RPI axe could be ‘seismic’ for pension schemes
Pension consultancy Barnett Waddingham has warned that the potential axing of the RPI inflation measure by the government could have ‘seismic’ implications for pension schemes.
In Budget papers yesterday, the government confirmed it would go ahead with consultation on whether to align RPI with CPIH and when this would happen between 2025 and 2030.
The move has been mooted for some years. RPI has been seen as a dated measure of inflation for some time although many pension schemes still use it to calculate annual increases for pensions.
RPI is generally higher than CPIH so means higher pension increases for scheme pensioners.

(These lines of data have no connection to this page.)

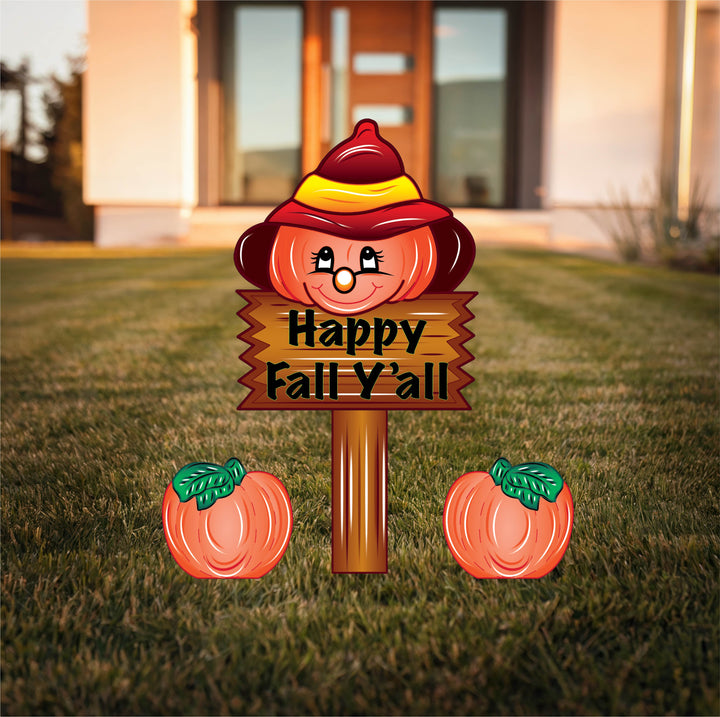 Happy Fall Y’all yard sign featuring a smiling pumpkin with two mini pumpkins – festive autumn outdoor lawn decor.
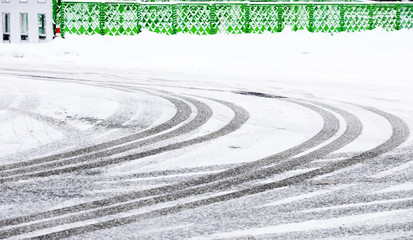 Car tire track on snow in the winter road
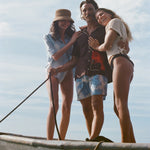 3 people standing together smiling on the edge of a boat. A male model is center, holding the rope keeping the boat at dock and wearing the 'Bisque Averse' Cabana with Tombolo floral patterned swim trunks. 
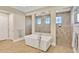 Bright bathroom with a freestanding tub and spacious walk-in shower, offering relaxation and comfort at 16419 Chapman Crossing Dr, Lithia, FL 33547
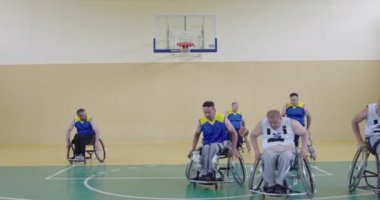 Engelli insanlar modern salonda basketbol oynarlar.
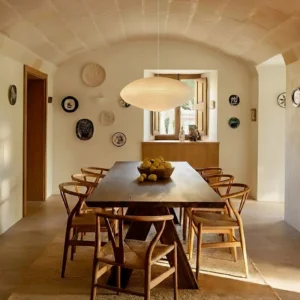 Washi paper pendant light suspended above vintage dining table in warm neutral interior with soft diffused glow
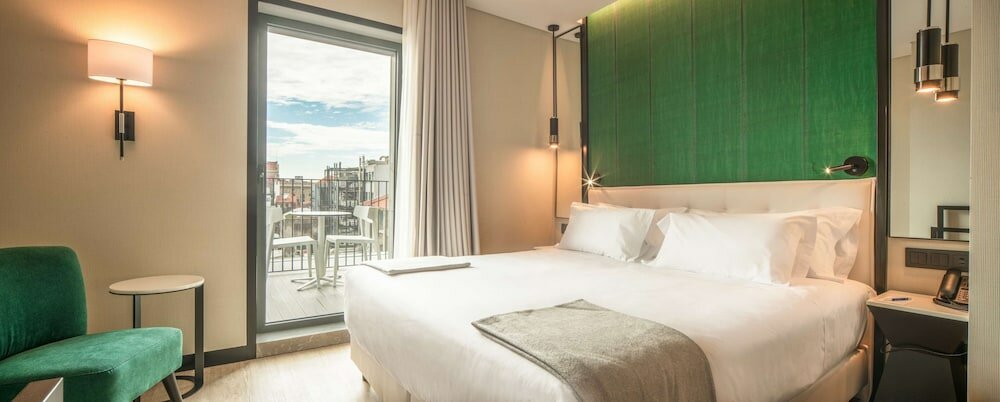 Фото Nh Hotel Porto Jardim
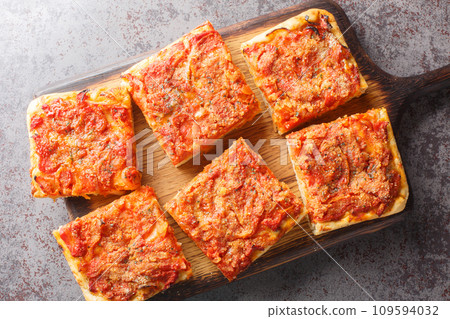 Sfincione pizza with onions, tomatoes, cheese, anchovies and breadcrumbs closeup on the wooden board. Horizontal top view Sfincione pizza with onions, tomatoes, cheese, anchovies and breadcrumbs closeup on the wooden board. Horizontal top view 109594032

However, as the axe for RPI moves a step closer BW has warned that if the Government goes ahead and aligns RPI with CPIH (CPI plus Housing Costs) it will cut the value of any RPI-linked assets held in pensions.
Typically CPIH is 1% lower than RPI so RPI-linked pension assets are worth more.
BW says the value of RPI-linked assets could fall “significantly” if they are aligned to CPIH rather than RPI.
This could happen under the Government’s plans if CPIH and RPI are aligned with each other meaning the RPI rate would be the same as CPIH.
BW also points out that many schemes use RPI-linked assets to hedge CPI-linked liabilities and as a consequence schemes with CPI-linked liabilities may see a significant reduction in their funding levels - possibly by 10% or more
The firm says that over recent years many pension schemes have been advised to hedge inflation risks and the worst hit schemes are likely to be those using RPI-linked assets to hedge CPI-linked liabilities.
Assuming a 1% yearly fall in the future inflation measure, Barnett Waddingham’s analysis suggests that these schemes could see a fall in their funding levels as high as 12%.
Ian Mills, principal and senior investment consultant at Barnett Waddingham, said: “This consultation may seem arcane and technical, but it could have seismic implications for all UK defined benefit pension schemes.
“The Government runs the risk of punishing those who have been prudent, with a well-funded and well-risk-managed scheme, whereas those that have left risks unmanaged could be rewarded.
“All trustees should analyse their own inflation risks, quantifying their CPI/RPI ratio to understand how exposed they are to this change.”
“This isn’t just about making sure the pension schemes are compensated – it’s about making sure the pensioners are.”